Quatre cuves de 300.000 litres

Une solution que Carbios entend déployer à grande échelle à Longlaville, où la construction d’un site de recyclage devrait être lancée en fin d’année, pour une mise en service en 2025. Après le démonstrateur de 20.000 litres de Clermont-Ferrand, ce sont là-bas quatre cuves de 300.000 litres qui traiteront chaque année 50.000 tonnes de PET. L’équivalent de deux milliards de bouteilles, ou 300-400 millions tee-shirts en polyester, note Carbios.

Ce futur site n’a pas vocation à produire uniquement des fibres textiles mais aussi la production d’emballages et bouteilles recyclés pour des partenaires de Carbios tels que L’Oréal ou Pepsi Co. Mais pour pouvoir produire de “fibre à fibre”, se posera la question de l’approvisionnement en textiles. “A l’échelle de démonstration, nous n’avons pas besoin de beaucoup de tonnage, mais cela va changer quand nous serons à l’échelle industrielle”, pointe Emmanuel Ladent. Il évoque également la pression des ONG et de la Commission européenne quant aux exportations des gisements de textiles en fin de vie.

“La majorité des déchets textiles sont aujourd’hui malheureusement exportés vers l’Afrique, l’Amérique du Sud ou l’Asie”, déplore le dirigeant, pour qui les organismes de collecte savent que cette situation ne sera pas tenable dans la durée. “En attendant, nous, nous récupérons et recyclons des vêtements qui sont complètement impropres même à l’exportation. Ce sont des pièces dont personne ne veut et qui, sans nous, seraient promises à l’incinération.”.

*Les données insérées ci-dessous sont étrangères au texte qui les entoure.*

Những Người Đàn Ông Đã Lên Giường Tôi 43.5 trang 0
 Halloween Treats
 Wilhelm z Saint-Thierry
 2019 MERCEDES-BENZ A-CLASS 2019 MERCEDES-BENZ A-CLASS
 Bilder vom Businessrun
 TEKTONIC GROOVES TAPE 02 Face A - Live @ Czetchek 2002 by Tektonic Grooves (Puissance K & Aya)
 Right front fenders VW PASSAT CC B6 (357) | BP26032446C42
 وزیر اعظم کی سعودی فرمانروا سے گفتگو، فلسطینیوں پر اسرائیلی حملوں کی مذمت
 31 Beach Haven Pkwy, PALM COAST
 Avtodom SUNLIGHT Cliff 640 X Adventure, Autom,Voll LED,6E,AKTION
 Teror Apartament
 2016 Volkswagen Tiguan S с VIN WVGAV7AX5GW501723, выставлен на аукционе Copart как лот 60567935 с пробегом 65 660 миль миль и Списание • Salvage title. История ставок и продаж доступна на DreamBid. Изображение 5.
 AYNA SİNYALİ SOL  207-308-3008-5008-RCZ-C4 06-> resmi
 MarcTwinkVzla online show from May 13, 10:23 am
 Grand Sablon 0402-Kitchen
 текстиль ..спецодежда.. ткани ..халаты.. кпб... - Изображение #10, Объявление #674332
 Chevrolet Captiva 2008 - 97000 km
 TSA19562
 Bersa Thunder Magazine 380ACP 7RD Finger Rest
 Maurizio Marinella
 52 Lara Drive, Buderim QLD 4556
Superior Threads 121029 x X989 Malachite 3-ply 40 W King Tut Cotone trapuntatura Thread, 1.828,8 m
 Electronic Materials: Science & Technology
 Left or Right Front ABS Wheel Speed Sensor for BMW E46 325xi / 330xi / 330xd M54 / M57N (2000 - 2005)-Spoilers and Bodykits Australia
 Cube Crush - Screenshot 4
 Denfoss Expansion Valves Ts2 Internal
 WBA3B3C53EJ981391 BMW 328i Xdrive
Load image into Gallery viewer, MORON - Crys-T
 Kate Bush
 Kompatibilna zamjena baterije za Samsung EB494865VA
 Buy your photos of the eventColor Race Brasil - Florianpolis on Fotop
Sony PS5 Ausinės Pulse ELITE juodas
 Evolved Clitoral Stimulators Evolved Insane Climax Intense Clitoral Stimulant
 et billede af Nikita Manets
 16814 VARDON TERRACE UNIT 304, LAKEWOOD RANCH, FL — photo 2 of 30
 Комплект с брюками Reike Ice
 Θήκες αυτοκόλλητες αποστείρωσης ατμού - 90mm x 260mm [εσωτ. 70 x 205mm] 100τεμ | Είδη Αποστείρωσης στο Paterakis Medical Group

Le développement de Carbios s’inscrit dans une accélération française et européenne des initiatives en termes de textiles recyclés. En janvier 2022, l’américain Eastman et le canadien Loop annonçaient des investissements massifs dans la vallée normande de la Seine. Pas de quoi inquiéter Carbios, devant l’immensité de la masse de matériaux à gérer. Un point qui permet pour l’heure de contourner le problème des mélanges de matières, dont la séparation est un frein au recyclage. “La question se posera, mais pour l’instant il faut déjà réussir à recycler tous les tissus textiles à disposition”, estime Emmanuel Ladent, qui confie que, au-delà du polyester, Carbios travaille sur de futurs procédés de recyclage des polyamides.